After doing some research I ended up with a 261. It is my first saw. I bought it for general clean up at my house and summer place. I am not a professional, but appreciate high end professional machines....

Sooooooo lets see. I got it with a 20" bar. After doing some research it sounds like this saw can handle this just fine, even though traditionally the 50cc motors tend to like 18"

My saw has the "green" safety chain. What should I upgrade that with? I just want a great all around chain?

I also here of "mods" you can do and there is someone called "mastermind" that does them. Is that a wise thing to do on a new saw? Is he the best person to have do the mods?

What else should I consider besides to go out and use it lol.

THANKS
 
You bought a great saw. Enjoy it and run it like you stole it. After about 20 tanks of gas, it will be broken in, and then you can decide if you want to mod it.
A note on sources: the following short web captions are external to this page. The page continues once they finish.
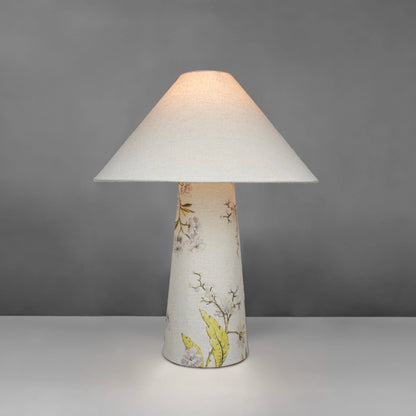 A fabric table lamp with shade and a yellow blossom design on the conical base lit up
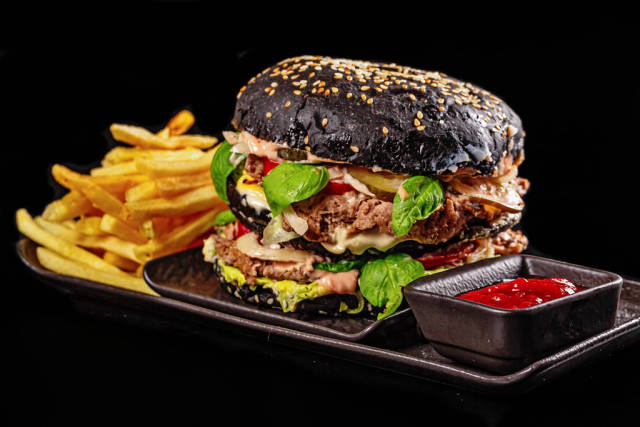 Fresh hamburger with black bun, cutlets, sauce and vegetables served with fries and ketchup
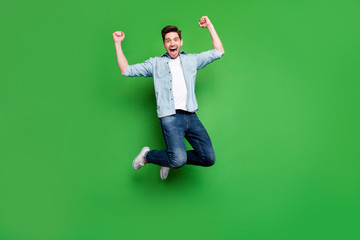 Full length body size photo of cheerful crazy ecstatic guy rejoicing with his favorite sport team having won competitions isolated jumping isolated over green vivid color background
You didn't say what you are cutting with it, but that matters. It will cut 20" pine a lot easier than 20" of some hardwoods.

Have fun.
 
I will be cutting some pine and honestly nothing too big. It will be used for limbing some smaller stuff too. Any ideas on chains? Or is the factory one ok. I heard the safety chain is not all that great.
 
Get that safety chain off there! Anything is better than that providing you are aware of kickback. 261's are nice saws . Even better with a few mods.
 
Can you guys please go into further details. Im kind of a newb. In other words if you suggest parts etc, can you please give me the specific brand or part #?

Thanks
 
Go with Oregon lpx chain or Stihl RSC yellow label. Much better choices. Be sure to know diver count and gauge your bar is set up for. Also .325 or 3/8 chain. It should say on the side of the bar.
 
Great choice! love that saw!
it doesnt sound like you need major power increase... i would just muffler mod it, retune your carb and call it a day. enjoy!
 
I am 'guessing' that you are are interested in buying another saw rather than a trade-up' deal..??

I would go with a MS 362 with a 16-18"" bar/chain...then take off the 20" bar/chain and put it (16/18) on the 261..
(you're just gonna do a bar and chain swap-out)

(I've got a 'bad' 026..and 18" is it's limit..but I maybe do expect more than maybe most from a basically stock saw.

Put the..'used'..20" bar and chain on the on the New MS 362 and you're good to go...and...for free..!!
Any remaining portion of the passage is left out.